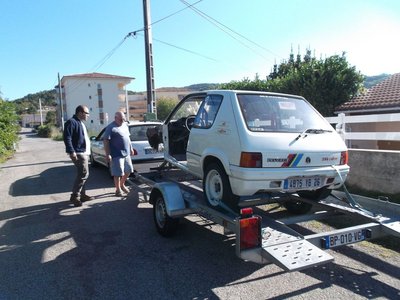 001 - Copie.JPG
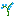 Flower blue orchid.png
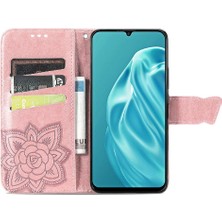 Mays Shop Ulefone Not 6 Için Durum (Yurt Dışından)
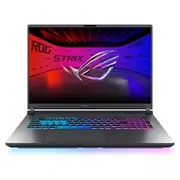 ASUS ROG Strix G18 Gaming Laptop Core U9 32/2TB RTX 5070 Ti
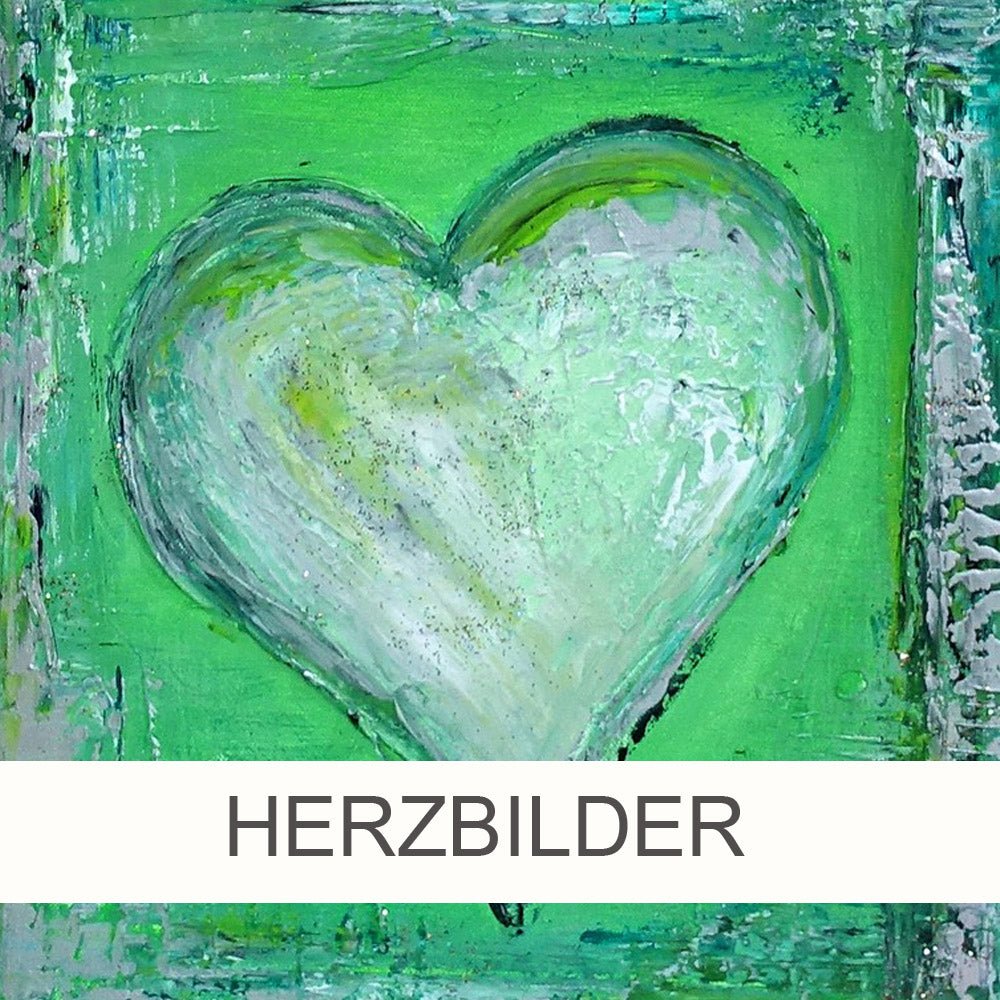 bilder gemalt kaufen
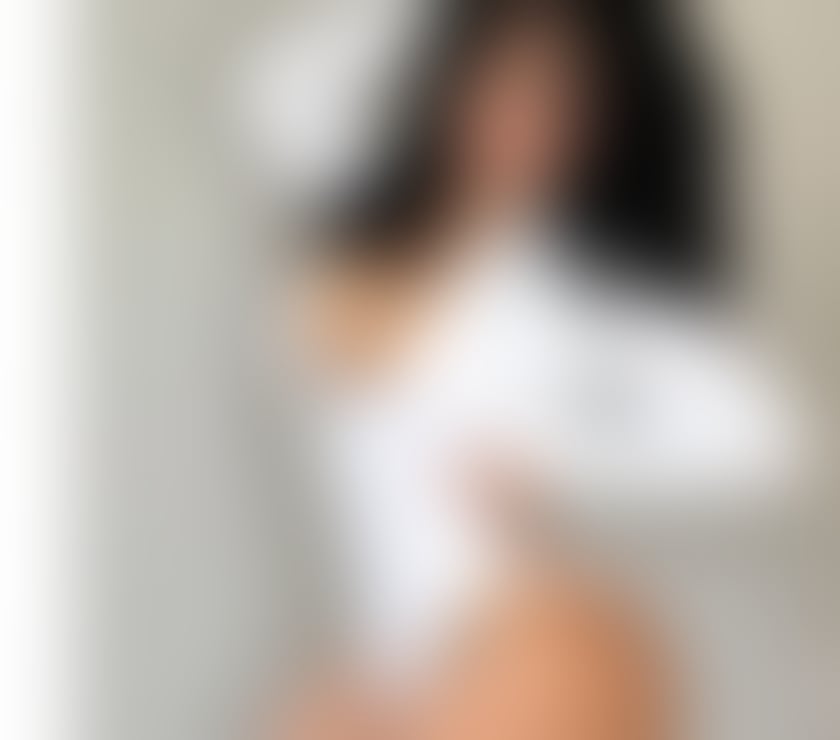 Escorts Norfolk Great Yarmouth - Photos for VICTORIA NEW BLONDY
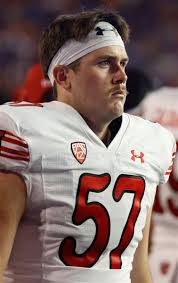 Aaron Lowe, Utah, Safety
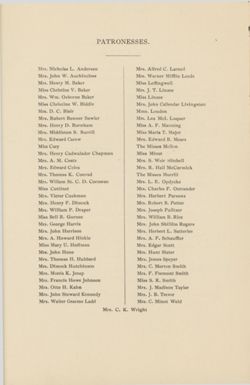 6752125a931f73.86466340.pdf page 3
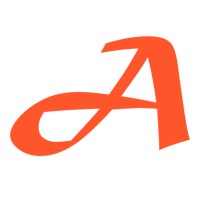 AKEGO logo - Similar company to Wisehive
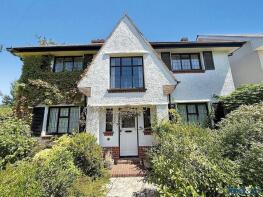 48, Frankland Crescent, Poole BH14 9PX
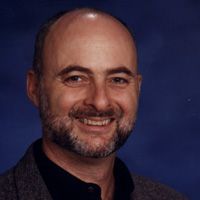 david_brin's picture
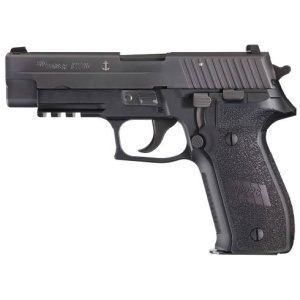 SIG SAUER P226 MK25 9MM NITRON 10+1 CA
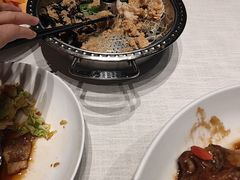 -望京辣宴·古法川菜(望京店)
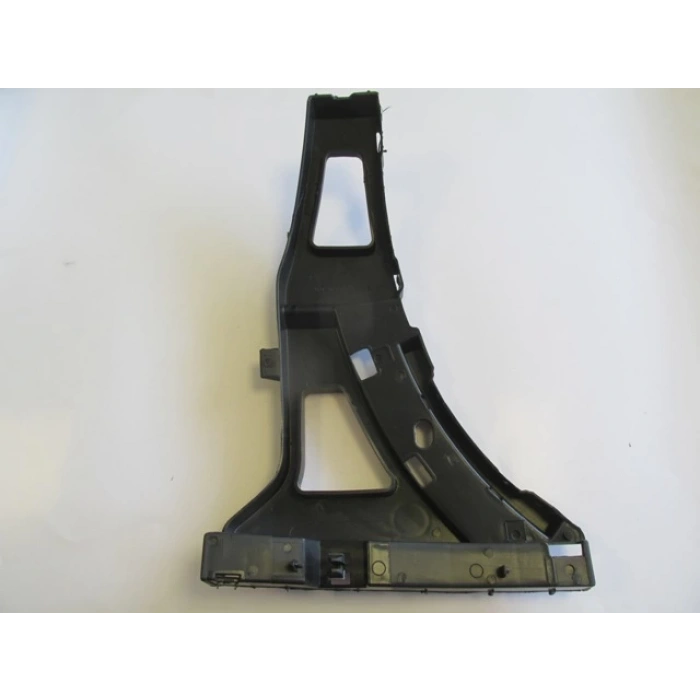 Ford Transit 2014-2019 V363- Ön Tampon İç Bağlantı Braketi Sol (Çift Tırnak) (Oem No: Bk31 17D959 Cd)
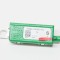 Amplificator de antena LAND ROVER RANGE ROVER IV L405 2017 OEM: FW93-18C847-FC | 13331178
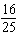 mc008-5.jpg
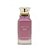 GO Creamy Sweet Like Candy 100ml EDP com Aroma Doce - Gulf Orchid - Imagem 2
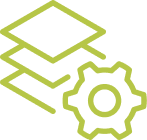 rapid implementation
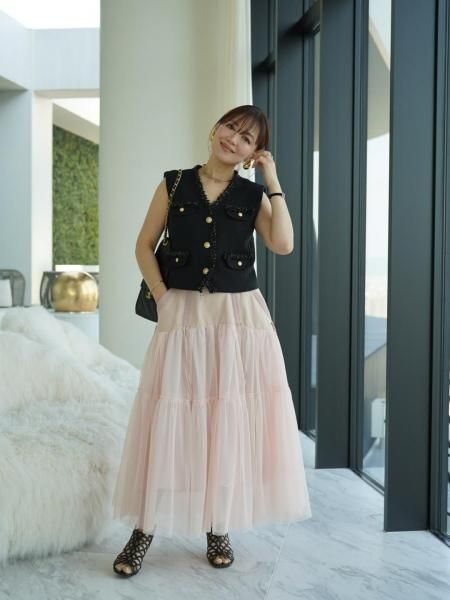 ɥȥ塼륹ȡڎˎߎݎ<img class='new_mark_img2' src='https://img.shop-pro.jp/img/new/icons1.gif' style='border:none;display:inline;margin:0px;padding:0px;width:auto;' />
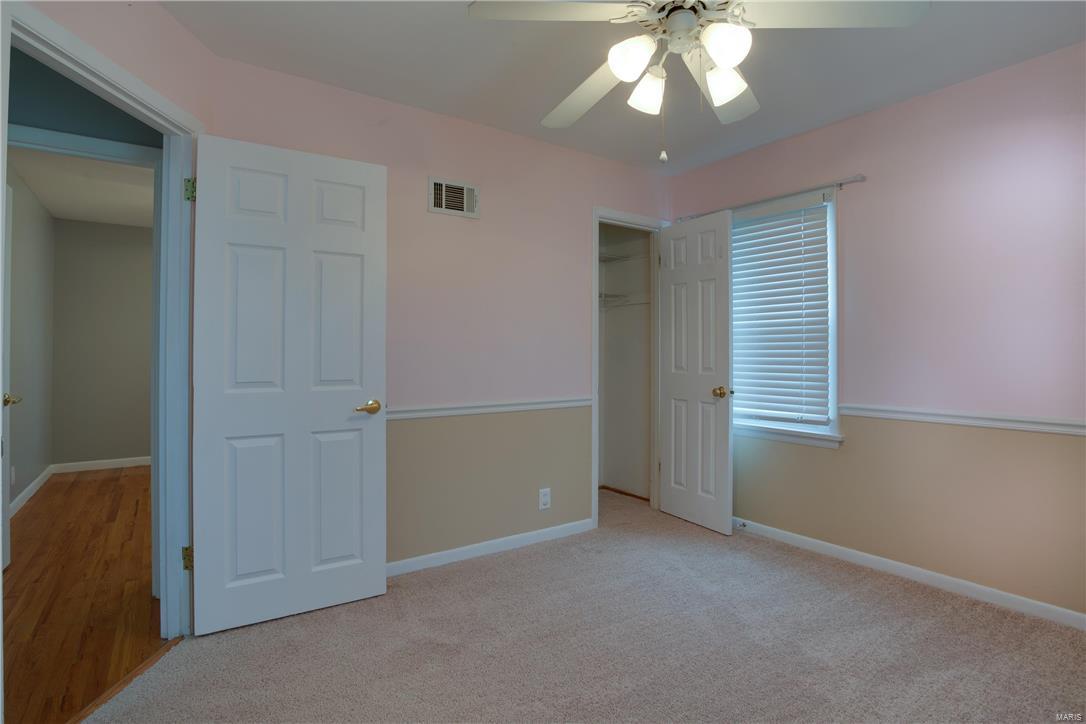 Tara 3 - Residential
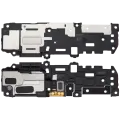 Loudspeaker For Samsung Galaxy A57 (A576 / 2026)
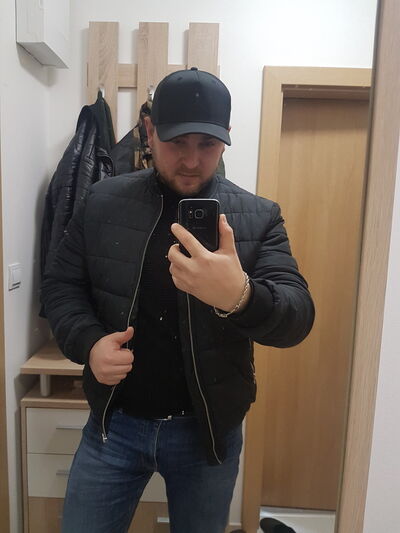 Praha,   , 36 ,   ,   , c 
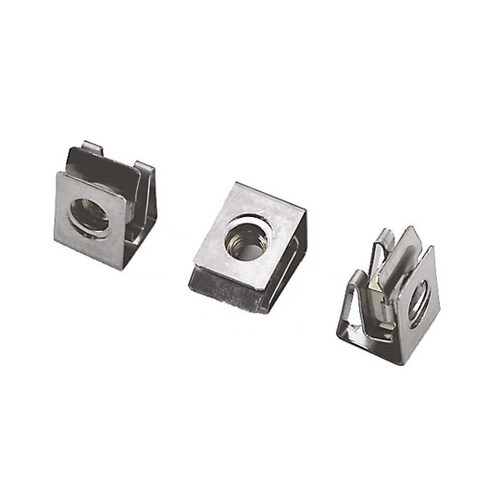 スプリングナット W14.5×H11.5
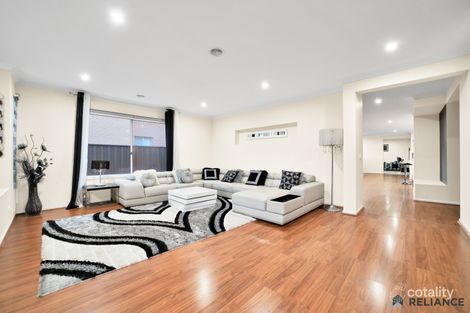 Property photo of 1 Fairlane Court Tarneit VIC 3029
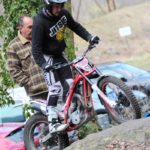 ski-trial-27-03-2016-img_8463.jpg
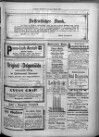 7. karlsbader-badeblatt-1892-08-03-n81_3235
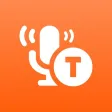 Transcribe Ai : Speech to Text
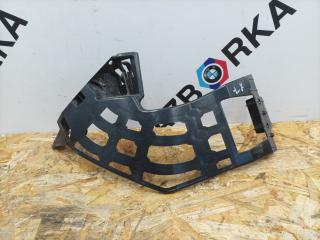 крепление ( кронштейн ) крыла BMW X7 G07 2019, 4.0 л., бензин, АКПП, c27, внедорожник 5 дв., полный привод, 7458363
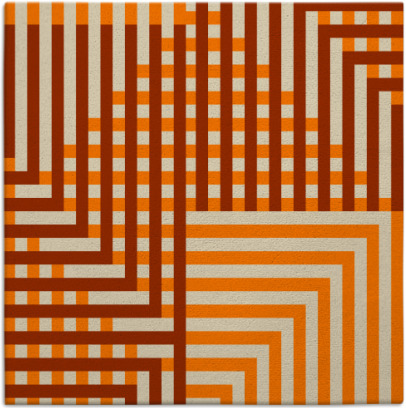 new yorker rug - item 1295595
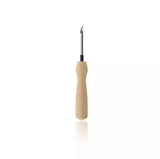 Wooden Punch Needle - 3.5mm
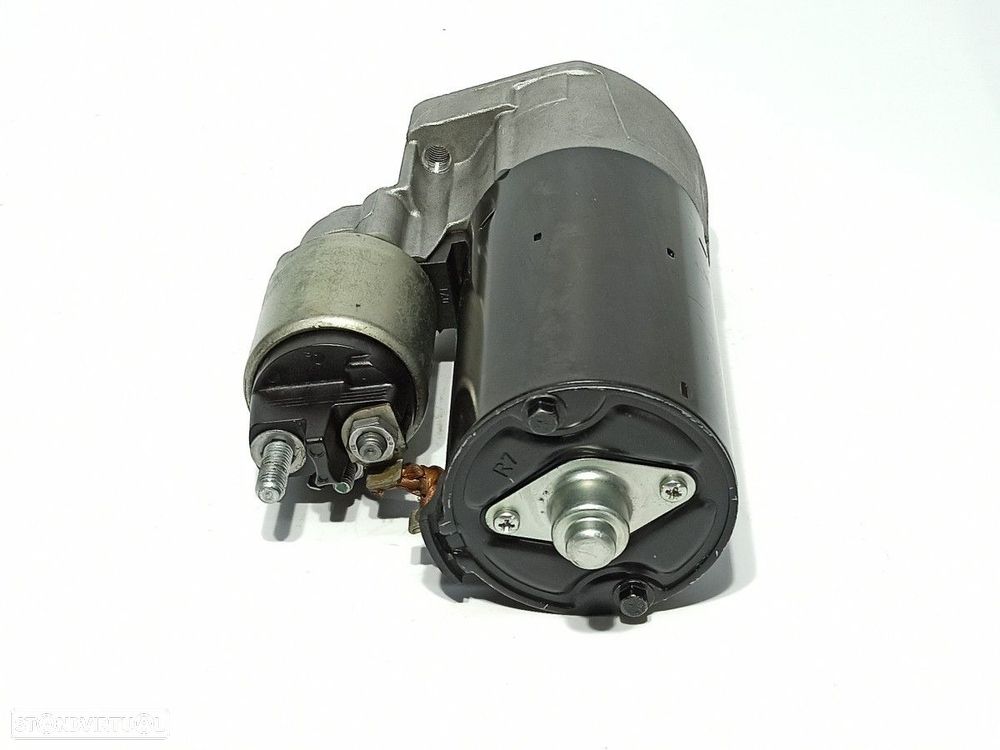 MOTOR DE ARRANQUE MERCEDES CLASE R (W251) 280 CDI 4-MATIC (251.020) - 6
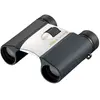 Nikon Nikon Sportstar EX - Jumelles 10 x 25 DCF - toit - argenté(e)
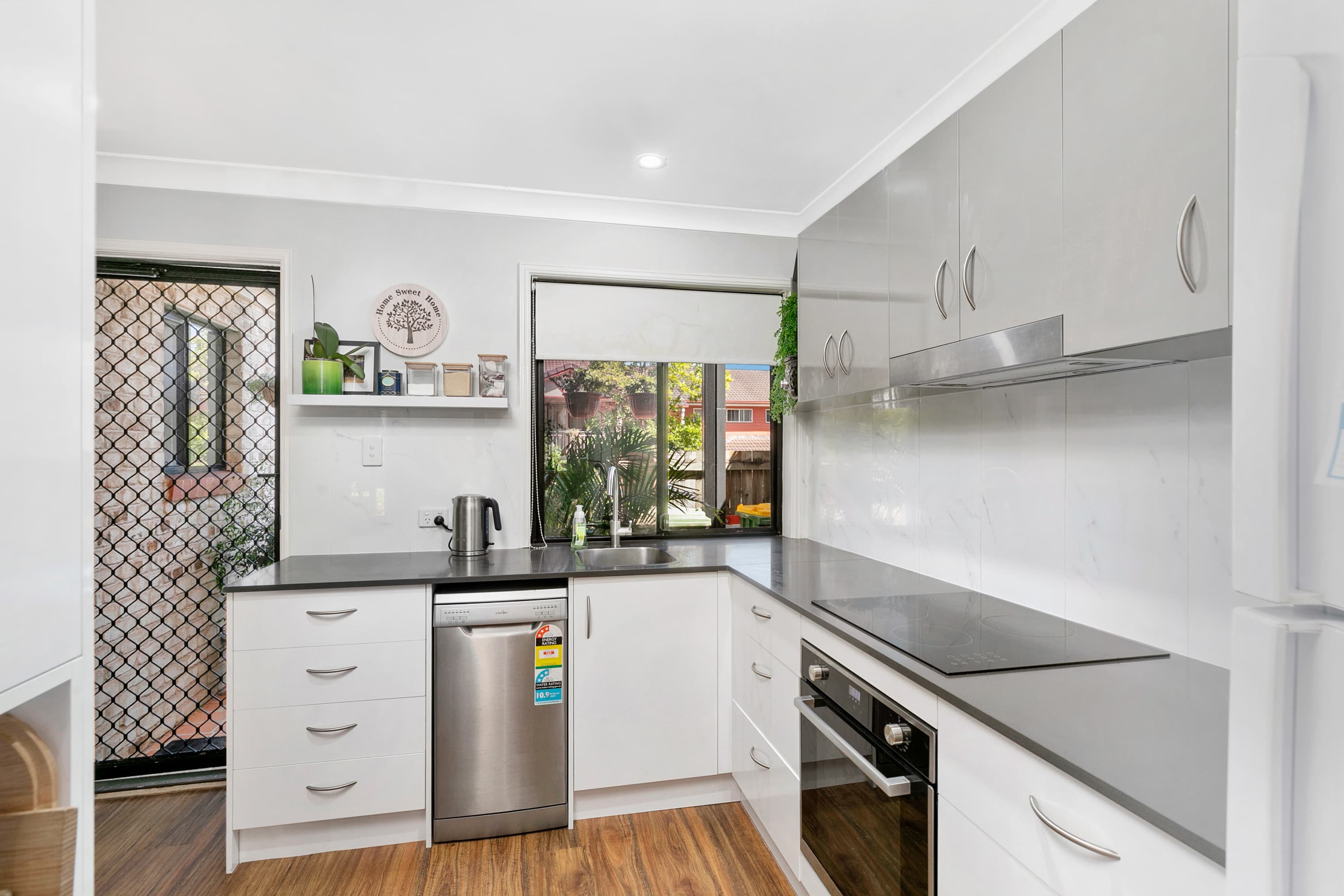 Unit 33/55 Beckwith Street, Ormiston, Ormiston - Thumbnail 8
_ _ _
AIM OF THE EXERCISE — Leaving the pictures out, transcribe the entries above exactly as written.

EXERCISE OUTPUT —
 001 - Copie.JPG
 Flower blue orchid.png
 Mays Shop Ulefone Not 6 Için Durum (Yurt Dışından)
 ASUS ROG Strix G18 Gaming Laptop Core U9 32/2TB RTX 5070 Ti
 bilder gemalt kaufen
 Escorts Norfolk Great Yarmouth - Photos for VICTORIA NEW BLONDY
 Aaron Lowe, Utah, Safety
 6752125a931f73.86466340.pdf page 3
 AKEGO logo - Similar company to Wisehive
 48, Frankland Crescent, Poole BH14 9PX
 david_brin's picture
 SIG SAUER P226 MK25 9MM NITRON 10+1 CA
 -望京辣宴·古法川菜(望京店)
 Ford Transit 2014-2019 V363- Ön Tampon İç Bağlantı Braketi Sol (Çift Tırnak) (Oem No: Bk31 17D959 Cd)
 Amplificator de antena LAND ROVER RANGE ROVER IV L405 2017 OEM: FW93-18C847-FC | 13331178
 mc008-5.jpg
 GO Creamy Sweet Like Candy 100ml EDP com Aroma Doce - Gulf Orchid - Imagem 2
 rapid implementation
 ɥȥ塼륹ȡڎˎߎݎ<img class='new_mark_img2' src='https://img.shop-pro.jp/img/new/icons1.gif' style='border:none;display:inline;margin:0px;padding:0px;width:auto;' />
 Tara 3 - Residential
 Loudspeaker For Samsung Galaxy A57 (A576 / 2026)
 Praha,   , 36 ,   ,   , c 
 スプリングナット W14.5×H11.5
 Property photo of 1 Fairlane Court Tarneit VIC 3029
 ski-trial-27-03-2016-img_8463.jpg
 7. karlsbader-badeblatt-1892-08-03-n81_3235
 Transcribe Ai : Speech to Text
 крепление ( кронштейн ) крыла BMW X7 G07 2019, 4.0 л., бензин, АКПП, c27, внедорожник 5 дв., полный привод, 7458363
 new yorker rug - item 1295595
 Wooden Punch Needle - 3.5mm
 MOTOR DE ARRANQUE MERCEDES CLASE R (W251) 280 CDI 4-MATIC (251.020) - 6
 Nikon Nikon Sportstar EX - Jumelles 10 x 25 DCF - toit - argenté(e)
 Unit 33/55 Beckwith Street, Ormiston, Ormiston - Thumbnail 8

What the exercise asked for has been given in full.